--- WHAT YOU WILL DO ---
From the data that follows, set down exactly the lines from the one with "Майка с разнообразными" through the one with "Allen Bradley 193-EA4CB", counting both. Pictures stay out.

--- SUPPLIED MATERIAL ---
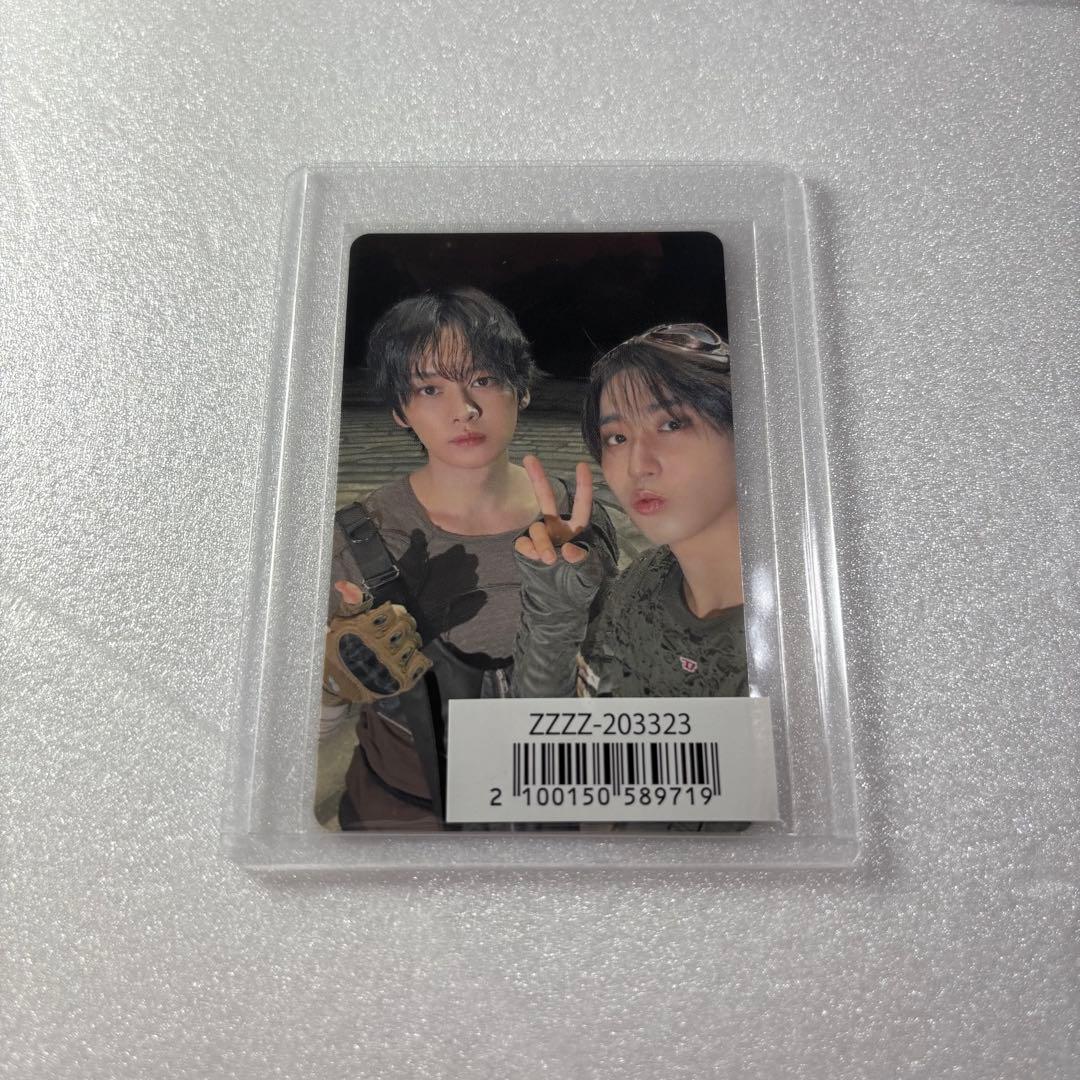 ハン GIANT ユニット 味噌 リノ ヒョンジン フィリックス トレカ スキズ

---

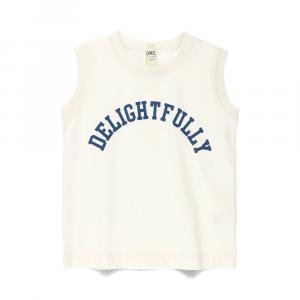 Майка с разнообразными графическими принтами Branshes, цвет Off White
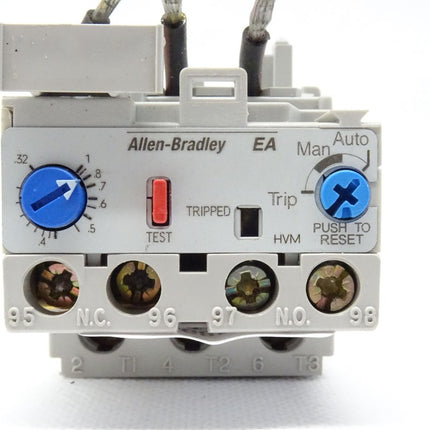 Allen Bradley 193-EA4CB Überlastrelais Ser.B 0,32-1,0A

--- RESPONSE TO THIS TASK ---
 Майка с разнообразными графическими принтами Branshes, цвет Off White
 Allen Bradley 193-EA4CB Überlastrelais Ser.B 0,32-1,0A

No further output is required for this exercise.